### What needs to be done
Beginning with the line below that contains "Realistic Parrot Bird" and ending with the line that contains "Embroidered Corduroy Dad Hat - Ecru/Brown", copy every line exactly. Copy nothing else.

### Information
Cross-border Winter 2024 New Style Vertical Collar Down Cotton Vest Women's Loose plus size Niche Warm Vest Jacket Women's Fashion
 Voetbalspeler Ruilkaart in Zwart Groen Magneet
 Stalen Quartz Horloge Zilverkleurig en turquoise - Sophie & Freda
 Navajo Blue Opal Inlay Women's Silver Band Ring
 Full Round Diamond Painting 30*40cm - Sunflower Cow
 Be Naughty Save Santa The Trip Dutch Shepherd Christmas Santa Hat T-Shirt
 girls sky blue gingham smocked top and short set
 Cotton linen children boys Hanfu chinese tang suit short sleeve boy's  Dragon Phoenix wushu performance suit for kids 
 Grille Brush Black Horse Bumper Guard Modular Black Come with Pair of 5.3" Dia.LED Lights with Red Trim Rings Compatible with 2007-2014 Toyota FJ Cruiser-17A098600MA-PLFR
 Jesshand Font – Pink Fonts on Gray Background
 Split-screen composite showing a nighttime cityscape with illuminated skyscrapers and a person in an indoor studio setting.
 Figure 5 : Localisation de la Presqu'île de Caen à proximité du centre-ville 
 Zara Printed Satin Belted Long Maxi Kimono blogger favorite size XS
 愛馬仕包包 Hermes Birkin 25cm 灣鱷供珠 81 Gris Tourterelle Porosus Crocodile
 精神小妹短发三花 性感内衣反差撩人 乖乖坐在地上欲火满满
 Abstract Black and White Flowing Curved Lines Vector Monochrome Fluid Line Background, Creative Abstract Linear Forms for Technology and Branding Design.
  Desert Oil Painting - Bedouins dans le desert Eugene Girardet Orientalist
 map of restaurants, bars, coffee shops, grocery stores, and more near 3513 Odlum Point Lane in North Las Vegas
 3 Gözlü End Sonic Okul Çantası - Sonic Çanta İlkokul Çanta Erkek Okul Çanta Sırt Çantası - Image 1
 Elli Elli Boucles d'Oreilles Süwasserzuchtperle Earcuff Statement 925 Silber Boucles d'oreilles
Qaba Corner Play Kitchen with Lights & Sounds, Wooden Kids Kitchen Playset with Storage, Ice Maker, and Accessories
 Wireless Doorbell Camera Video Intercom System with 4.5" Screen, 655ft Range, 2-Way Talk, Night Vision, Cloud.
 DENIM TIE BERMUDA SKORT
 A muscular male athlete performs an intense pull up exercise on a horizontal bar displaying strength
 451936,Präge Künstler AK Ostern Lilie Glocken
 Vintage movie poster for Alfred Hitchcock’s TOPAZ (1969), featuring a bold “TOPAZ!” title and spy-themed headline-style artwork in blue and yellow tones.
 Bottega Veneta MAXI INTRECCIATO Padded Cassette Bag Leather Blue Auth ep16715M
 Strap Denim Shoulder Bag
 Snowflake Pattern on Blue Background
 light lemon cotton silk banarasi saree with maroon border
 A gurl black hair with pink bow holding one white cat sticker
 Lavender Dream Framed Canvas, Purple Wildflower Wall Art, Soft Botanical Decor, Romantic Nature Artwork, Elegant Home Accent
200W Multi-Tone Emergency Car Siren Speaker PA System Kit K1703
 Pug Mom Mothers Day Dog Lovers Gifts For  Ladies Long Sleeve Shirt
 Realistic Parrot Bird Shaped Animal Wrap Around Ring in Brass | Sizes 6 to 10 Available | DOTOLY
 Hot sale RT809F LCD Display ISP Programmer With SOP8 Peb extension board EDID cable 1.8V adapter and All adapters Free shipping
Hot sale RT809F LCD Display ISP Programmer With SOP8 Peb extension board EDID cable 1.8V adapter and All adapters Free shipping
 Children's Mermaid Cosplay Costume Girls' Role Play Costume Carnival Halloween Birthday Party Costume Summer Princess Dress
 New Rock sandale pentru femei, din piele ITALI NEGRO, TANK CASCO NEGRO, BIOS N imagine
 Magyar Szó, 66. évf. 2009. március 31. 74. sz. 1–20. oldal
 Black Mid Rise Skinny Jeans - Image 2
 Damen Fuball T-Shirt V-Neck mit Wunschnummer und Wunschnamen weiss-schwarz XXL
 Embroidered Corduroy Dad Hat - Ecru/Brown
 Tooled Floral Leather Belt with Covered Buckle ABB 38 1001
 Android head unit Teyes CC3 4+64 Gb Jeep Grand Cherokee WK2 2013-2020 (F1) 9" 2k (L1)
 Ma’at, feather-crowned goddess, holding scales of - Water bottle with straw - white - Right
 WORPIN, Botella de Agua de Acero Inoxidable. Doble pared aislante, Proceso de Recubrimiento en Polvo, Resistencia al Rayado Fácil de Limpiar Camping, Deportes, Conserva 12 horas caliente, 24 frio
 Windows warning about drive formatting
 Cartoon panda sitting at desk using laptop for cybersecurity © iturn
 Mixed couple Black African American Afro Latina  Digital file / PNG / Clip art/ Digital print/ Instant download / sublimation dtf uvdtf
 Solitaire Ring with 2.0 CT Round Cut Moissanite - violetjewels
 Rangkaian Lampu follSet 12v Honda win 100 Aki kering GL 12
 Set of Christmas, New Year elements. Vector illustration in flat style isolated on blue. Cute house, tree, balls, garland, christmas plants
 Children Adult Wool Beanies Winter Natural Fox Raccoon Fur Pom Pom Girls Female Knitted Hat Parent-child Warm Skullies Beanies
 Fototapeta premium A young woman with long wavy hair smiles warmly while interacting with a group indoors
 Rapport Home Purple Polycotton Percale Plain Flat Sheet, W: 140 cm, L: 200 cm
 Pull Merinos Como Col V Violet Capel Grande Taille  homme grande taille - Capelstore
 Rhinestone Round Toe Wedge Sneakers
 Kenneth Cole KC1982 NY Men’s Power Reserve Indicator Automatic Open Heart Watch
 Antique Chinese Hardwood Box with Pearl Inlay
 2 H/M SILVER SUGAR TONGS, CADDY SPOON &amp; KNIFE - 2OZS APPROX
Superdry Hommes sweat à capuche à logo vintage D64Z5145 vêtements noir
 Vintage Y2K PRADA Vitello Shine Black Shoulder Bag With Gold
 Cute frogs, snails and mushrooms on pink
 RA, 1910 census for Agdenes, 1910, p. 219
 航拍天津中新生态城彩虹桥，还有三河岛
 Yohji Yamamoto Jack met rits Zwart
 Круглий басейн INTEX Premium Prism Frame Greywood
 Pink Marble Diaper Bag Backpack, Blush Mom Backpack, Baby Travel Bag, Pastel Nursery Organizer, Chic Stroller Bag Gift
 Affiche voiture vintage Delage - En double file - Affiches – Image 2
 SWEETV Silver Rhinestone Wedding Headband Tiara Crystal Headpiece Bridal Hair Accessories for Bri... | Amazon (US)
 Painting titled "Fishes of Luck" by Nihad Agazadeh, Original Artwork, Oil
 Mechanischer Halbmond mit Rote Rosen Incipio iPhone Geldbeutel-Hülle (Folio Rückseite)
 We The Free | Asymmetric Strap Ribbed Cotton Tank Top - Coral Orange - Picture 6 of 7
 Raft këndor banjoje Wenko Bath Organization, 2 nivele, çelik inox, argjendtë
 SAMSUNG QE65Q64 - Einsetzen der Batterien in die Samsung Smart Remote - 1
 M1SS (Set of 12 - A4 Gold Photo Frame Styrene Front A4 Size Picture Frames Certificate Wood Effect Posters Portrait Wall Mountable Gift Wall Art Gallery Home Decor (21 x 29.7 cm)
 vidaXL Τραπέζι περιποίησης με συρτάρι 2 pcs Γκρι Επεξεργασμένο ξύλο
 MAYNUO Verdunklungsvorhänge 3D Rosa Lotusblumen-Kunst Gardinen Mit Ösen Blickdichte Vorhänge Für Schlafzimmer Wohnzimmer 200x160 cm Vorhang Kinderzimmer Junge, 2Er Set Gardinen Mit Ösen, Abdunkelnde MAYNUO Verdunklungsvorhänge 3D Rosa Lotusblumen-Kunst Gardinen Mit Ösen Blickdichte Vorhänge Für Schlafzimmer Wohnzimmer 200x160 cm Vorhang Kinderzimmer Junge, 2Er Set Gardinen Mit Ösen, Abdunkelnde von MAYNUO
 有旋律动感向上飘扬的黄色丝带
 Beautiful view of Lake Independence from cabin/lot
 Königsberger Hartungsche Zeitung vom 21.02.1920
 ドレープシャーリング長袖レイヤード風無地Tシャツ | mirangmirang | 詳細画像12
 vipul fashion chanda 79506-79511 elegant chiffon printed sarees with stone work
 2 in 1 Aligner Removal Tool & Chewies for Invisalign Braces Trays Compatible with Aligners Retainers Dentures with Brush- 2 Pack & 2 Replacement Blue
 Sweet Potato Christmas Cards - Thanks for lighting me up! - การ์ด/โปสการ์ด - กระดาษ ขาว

### Answer below
 Realistic Parrot Bird Shaped Animal Wrap Around Ring in Brass | Sizes 6 to 10 Available | DOTOLY
 Hot sale RT809F LCD Display ISP Programmer With SOP8 Peb extension board EDID cable 1.8V adapter and All adapters Free shipping
Hot sale RT809F LCD Display ISP Programmer With SOP8 Peb extension board EDID cable 1.8V adapter and All adapters Free shipping
 Children's Mermaid Cosplay Costume Girls' Role Play Costume Carnival Halloween Birthday Party Costume Summer Princess Dress
 New Rock sandale pentru femei, din piele ITALI NEGRO, TANK CASCO NEGRO, BIOS N imagine
 Magyar Szó, 66. évf. 2009. március 31. 74. sz. 1–20. oldal
 Black Mid Rise Skinny Jeans - Image 2
 Damen Fuball T-Shirt V-Neck mit Wunschnummer und Wunschnamen weiss-schwarz XXL
 Embroidered Corduroy Dad Hat - Ecru/Brown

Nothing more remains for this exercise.